Я погружаюсь в глубину его глаз и вкладываю в свой взгляд всю силу желания и отчаяния, потому что это для меня, впервые в полном смысле слова, вопрос жизни и смерти, — и вижу, что он понял. Я чувствую это, знаю. Он кивает головой, и в этом коротком кивке — мгновенное напоминание о нашей былой близости, которая возрождается с болью, но это радостная, умиротворяющая боль. Мне не надо больше говорить. Он почти бежит к двери, а я откидываюсь на подушку и соскальзываю в блаженный туман воспоминаний.
Они ждали меня, упакованные в прозрачный пластик. На деревянном прилавке, рядом с багетами, буханками, булочками и пирожками, терпеливо дожидались расфасованные эклеры. Оттого, что их побросали сюда как попало, без всякого почтения к искусству кондитера, который раскладывает свои пирожные любовно, аккуратно в витрине под стеклом, они слипались в упаковке, жались друг к другу, точно спящие щенята, уютно сбившиеся в кучку. Но главное — помещенные в эхо последнее вместилище еще теплыми, дымящимися, они изошли в нем паром, который, осев на пластиковой оболочке, создал среду, благоприятную для размягчения.

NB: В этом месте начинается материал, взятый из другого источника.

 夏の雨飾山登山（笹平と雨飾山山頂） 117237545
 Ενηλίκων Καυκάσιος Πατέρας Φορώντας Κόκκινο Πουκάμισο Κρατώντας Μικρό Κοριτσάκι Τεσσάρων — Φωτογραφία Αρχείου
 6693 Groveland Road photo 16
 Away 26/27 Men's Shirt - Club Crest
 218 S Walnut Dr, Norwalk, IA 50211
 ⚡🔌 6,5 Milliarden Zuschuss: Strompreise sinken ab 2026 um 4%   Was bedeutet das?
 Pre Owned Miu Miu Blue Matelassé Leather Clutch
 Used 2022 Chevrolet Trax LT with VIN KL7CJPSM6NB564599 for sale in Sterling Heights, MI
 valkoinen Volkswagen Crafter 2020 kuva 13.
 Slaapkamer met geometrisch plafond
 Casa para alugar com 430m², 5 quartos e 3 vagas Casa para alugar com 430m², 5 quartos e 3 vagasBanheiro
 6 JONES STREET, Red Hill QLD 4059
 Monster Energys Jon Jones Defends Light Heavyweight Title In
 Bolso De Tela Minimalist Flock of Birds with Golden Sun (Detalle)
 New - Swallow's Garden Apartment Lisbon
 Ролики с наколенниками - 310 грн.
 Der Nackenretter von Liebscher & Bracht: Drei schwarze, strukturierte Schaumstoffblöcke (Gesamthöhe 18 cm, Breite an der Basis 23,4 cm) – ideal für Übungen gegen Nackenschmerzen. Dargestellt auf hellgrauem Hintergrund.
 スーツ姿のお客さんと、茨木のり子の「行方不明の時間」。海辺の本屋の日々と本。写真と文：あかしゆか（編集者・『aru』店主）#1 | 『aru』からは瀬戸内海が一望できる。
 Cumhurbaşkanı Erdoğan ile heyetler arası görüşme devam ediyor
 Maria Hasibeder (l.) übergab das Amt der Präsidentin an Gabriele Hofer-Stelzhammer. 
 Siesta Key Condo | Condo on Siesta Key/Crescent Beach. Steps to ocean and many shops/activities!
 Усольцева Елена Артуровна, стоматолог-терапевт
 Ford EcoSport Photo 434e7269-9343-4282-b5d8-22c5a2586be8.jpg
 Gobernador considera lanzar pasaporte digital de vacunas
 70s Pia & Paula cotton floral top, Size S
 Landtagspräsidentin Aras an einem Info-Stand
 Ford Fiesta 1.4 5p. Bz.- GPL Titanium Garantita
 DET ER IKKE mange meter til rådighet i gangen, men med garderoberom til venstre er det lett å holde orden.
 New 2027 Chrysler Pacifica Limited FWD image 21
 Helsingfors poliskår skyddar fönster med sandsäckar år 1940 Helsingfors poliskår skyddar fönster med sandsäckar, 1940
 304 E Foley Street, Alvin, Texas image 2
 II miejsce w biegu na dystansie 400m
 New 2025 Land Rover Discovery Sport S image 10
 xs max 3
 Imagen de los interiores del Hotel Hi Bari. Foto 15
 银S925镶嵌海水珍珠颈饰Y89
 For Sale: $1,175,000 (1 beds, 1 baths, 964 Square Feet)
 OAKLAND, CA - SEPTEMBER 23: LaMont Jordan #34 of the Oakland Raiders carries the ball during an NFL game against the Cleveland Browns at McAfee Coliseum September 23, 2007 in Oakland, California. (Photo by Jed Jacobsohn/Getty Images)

Первое, что делает эклер эклером, — заварное тесто, достойное так называться. Излишняя мягкость для него такой же изъян, как и чрезмерная твердость. Эклер не должен быть ни резиновым, ни дряблым, ни ломким или агрессивно сухим. Тем он и славится: нежный без слабости и крепкий без жесткости. Это тяжкий крест кондитеров: наполняя его кремом, ни в коем случае нельзя допустить, чтобы он размягчил тесто. Мне доводилось писать беспощадные разгромные статьи о вырождении эклеров, цветистые страницы о первостепенной важности разграничения теста и крема, о плохом эклере, теряющем себя под влиянием жирной начинки, в лености субстанции, которой ему следовало бы противопоставить свою целостность и непохожесть. Или что-то в этом роде.
Как можно до такой степени изменить самому себе? Что за порча, разъедающая глубже, чем власть, заставляет нас отрекаться от самого очевидного удовольствия, хулить то, что мы любили, так чудовищно извращать собственный вкус? Мне было пятнадцать лет, я выходил из лицея, голодный, как можно быть голодным только в этом возрасте, утробно, зверски, но ощущая при этом душевный покой, который вспомнился мне только сейчас: вот чего так отчаянно не хватает моему творчеству. Всему моему творчеству, которое я сегодня, не задумываясь, без тени сожаления, без капли ностальгии, отдал бы за один-единственный эклер из супермаркета.
Я вскрывал пакет без церемоний, раздирал пластик и резко тянул за края, расширяя дыру, проделанную в нем моим нетерпением. Я засовывал туда руку, чуть морщась от липкого прикосновения осевшего на пакете изнутри сахара. Бережно отделял один эклер от остальных его собратьев, благоговейно подносил его ко рту и, закрыв глаза, кусал.